In some examples, training data 806 includes a plurality of subsets of training data. Each subset of training data is acquired based on a distinct set of experiment conditions. Training module 802 may train machine learning model 804 on each individual subset of training data serially in a plurality of training stages. For example, training module 802 may train machine learning model 804 on a first subset of training data 806 in a first training stage. Upon completion of training with the first subset, training module 802 may train machine learning model 804 on a second subset of training data 806 in a second training stage. Upon completion of training with the second subset, training module 802 may train machine learning model 804 on a third subset of training data 806 in a third training stage, and so forth.

Alternatively, data from multiple different subsets of training data may be mixed so that machine learning model 804 is trained on the different subsets of training data in one training stage. For example, training examples from the various different subsets of training data may be mixed (e.g., randomly) to form training data 806. In some embodiments, training examples 810 associated with the same elution peak for the same selected m/z may be grouped together so that all training examples 810 associated with the elution peak are trained in sequence before machine learning model 804 is trained using training examples 810 from a different group.

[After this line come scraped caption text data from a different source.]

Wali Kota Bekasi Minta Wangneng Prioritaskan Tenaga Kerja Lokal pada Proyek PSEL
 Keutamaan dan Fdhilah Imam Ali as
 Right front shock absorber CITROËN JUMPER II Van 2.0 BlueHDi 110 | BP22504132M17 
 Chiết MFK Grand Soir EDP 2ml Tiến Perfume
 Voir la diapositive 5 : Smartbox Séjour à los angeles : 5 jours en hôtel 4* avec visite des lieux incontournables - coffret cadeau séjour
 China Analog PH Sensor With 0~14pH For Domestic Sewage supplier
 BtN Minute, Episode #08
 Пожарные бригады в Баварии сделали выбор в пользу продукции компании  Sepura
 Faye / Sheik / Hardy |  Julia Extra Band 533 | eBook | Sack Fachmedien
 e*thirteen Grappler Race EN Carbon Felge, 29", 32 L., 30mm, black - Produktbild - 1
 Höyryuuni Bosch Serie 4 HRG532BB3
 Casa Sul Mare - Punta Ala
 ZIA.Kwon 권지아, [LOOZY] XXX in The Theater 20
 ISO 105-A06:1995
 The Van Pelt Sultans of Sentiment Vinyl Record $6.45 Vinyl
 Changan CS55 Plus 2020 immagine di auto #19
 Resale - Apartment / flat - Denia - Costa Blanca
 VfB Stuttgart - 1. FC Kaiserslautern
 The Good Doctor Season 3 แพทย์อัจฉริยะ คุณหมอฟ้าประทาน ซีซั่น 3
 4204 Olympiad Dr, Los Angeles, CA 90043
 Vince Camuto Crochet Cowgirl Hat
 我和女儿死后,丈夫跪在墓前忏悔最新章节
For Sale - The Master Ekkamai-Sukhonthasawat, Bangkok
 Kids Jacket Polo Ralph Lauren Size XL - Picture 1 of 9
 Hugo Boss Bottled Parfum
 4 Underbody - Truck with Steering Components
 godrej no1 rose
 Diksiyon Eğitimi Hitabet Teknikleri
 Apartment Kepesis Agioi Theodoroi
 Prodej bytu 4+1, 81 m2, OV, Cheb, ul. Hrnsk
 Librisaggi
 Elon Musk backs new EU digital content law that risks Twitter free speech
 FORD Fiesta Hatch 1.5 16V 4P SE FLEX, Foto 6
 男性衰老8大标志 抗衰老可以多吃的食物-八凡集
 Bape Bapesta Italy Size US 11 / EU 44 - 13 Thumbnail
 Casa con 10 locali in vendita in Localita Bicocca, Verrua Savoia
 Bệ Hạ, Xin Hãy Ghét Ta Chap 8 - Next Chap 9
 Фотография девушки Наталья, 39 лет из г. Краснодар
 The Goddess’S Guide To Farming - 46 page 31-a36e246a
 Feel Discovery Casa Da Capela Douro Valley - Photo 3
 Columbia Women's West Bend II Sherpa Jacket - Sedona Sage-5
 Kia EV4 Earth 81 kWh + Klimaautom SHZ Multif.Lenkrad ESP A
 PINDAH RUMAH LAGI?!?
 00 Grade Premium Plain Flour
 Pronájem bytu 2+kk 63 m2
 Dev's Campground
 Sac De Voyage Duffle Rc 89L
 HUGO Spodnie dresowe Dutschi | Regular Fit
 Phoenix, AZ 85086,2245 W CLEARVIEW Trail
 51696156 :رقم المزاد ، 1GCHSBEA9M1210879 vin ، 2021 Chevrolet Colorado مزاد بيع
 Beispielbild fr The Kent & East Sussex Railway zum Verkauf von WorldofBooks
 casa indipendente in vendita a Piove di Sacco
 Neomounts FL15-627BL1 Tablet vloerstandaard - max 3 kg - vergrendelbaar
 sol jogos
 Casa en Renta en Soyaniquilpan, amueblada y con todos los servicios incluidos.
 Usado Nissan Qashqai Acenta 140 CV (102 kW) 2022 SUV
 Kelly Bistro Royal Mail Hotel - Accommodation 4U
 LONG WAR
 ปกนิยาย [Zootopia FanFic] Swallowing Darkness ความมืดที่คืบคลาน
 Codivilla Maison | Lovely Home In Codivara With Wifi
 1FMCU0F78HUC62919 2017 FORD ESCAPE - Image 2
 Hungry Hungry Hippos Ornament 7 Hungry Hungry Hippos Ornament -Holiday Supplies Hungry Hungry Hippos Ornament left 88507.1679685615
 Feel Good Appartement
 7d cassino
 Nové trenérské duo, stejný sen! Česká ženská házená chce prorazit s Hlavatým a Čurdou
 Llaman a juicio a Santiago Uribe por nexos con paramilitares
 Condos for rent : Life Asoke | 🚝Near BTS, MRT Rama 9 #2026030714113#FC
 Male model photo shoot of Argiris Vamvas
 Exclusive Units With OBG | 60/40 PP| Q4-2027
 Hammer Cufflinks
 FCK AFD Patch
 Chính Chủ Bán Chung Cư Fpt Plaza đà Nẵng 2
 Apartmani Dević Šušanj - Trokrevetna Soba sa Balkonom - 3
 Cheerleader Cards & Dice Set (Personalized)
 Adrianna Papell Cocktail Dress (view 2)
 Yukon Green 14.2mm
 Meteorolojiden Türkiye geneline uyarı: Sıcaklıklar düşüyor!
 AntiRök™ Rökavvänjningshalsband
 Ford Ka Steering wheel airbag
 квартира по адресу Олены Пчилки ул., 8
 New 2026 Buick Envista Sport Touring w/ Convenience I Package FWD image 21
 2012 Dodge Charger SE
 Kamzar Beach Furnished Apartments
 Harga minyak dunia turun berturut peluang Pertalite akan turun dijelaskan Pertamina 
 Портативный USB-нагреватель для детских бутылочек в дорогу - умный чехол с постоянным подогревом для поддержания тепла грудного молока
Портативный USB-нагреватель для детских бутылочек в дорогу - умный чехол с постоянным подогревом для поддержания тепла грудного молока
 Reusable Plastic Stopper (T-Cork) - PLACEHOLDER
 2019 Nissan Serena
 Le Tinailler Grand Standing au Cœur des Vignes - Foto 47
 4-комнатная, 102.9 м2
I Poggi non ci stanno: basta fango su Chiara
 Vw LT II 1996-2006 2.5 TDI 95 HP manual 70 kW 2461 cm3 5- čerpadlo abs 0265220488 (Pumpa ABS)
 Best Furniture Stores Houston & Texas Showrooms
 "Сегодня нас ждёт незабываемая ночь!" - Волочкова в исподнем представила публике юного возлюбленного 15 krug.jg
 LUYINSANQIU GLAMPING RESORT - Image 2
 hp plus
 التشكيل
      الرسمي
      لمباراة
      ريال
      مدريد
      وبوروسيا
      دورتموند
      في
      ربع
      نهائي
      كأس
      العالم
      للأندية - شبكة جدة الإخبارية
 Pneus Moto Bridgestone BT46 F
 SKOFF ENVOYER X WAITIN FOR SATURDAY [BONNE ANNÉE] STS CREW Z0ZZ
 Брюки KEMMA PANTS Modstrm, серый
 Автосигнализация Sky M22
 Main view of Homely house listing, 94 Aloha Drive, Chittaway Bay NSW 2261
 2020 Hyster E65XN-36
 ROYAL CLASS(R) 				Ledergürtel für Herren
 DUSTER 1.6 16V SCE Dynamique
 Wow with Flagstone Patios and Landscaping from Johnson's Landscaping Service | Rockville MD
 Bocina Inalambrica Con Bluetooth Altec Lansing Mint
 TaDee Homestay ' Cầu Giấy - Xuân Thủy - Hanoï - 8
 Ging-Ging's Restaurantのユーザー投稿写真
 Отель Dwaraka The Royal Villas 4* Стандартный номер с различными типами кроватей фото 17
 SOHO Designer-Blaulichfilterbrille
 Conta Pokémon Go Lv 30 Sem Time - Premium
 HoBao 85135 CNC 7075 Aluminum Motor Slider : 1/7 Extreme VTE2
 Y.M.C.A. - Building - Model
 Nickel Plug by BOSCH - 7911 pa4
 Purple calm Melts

In some examples, each training example 810 may further include, in addition to first mass chromatogram dataset 812 and second mass chromatogram dataset 814, data representative of one or more experiment conditions. The data representative of one or more experiment conditions may be automatically accessed or obtained by training module 802 from the LC-MS system (e.g., from controller 106 or controller 206), or may be provided manually by a user.

In alternative examples, machine learning model 804 is trained based on training data 806 configured for a specific application, such as a selected m/z, specific experiment conditions, a specific sample type, etc. In such examples, machine learning model 804 may be trained after acquiring data for an initial priming experiment, and machine learning model 804 may be used thereafter only for subsequent iterations of that specific experiment.

In some examples, machine learning model 804 may be refined or further trained in real time during an analytical experiment. In some embodiments, training module 802 may continue to collect training examples 810 and train machine learning model 804 with the collected training examples 810 over time during an experiment. For example, when training module 802 collects one or more additional training examples from one or more data sources, training module 802 may update the plurality of training examples to include both existing training examples and the additional training examples, and train machine learning model 804 with the updated plurality of training examples according to the training process described herein. Additionally or alternatively, training module 802 may periodically collect additional training examples from one or more other data sources, update the plurality of training examples to include both existing training examples and the additional training examples, and train machine learning model 804 with the updated plurality of training examples at predetermined intervals.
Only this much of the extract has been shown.